I did it with the geometry from B3lYP/cc-pvdz level of theory. Can you also advise a better way to do optimisation of dimers and single molecules with ccsd.
Thanks for the suggestions. Will try it for sure.
A reply to jmisiewicz:
I see your point; thank you for adding it to the wish-list. Would tagging the work of each major module that has produced an object for the next module with an appropriate label, and passing that label along with the object, be a viable solution? At the end of the calculations, the set of these labels could be punched to the output so that the user has a compact record of what was done in this calculation.
Speaking of better DFOCC checks, here is another example. With ‘scf_type df’ set and OCC module being used, when a user is accidentally combining ‘gradient(olccd)’ with ‘mp_type df’, (e.g. doing OLCCD after successful OMP3), Psi4 emits (immediately after input parsing):
! OCC gradients need conventional SCF reference. !
rather than ! OLCCD gradients require setting ‘cc_type …’ !

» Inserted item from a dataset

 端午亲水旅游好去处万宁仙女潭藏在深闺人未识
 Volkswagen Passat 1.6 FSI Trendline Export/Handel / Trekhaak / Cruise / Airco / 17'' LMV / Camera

For dimers (and “folded” systems for that matter) with a significant dispersion component, I would not use B3LYP optimization as a precursor for CCSD. If you want to get an initial structure for CCSD that is better than what you can do manually, look into Psi4’s extremely fast DF MP2 module because MP2 accounts for (and maybe overbinds a bit) dispersion interactions. It has analytic gradients for the RHF reference, so this should be good option for the initial optimization of closed-shell dimers. Oh, and cc-pVDZ is not meant for dimers …
Thank you very much for the suggestions.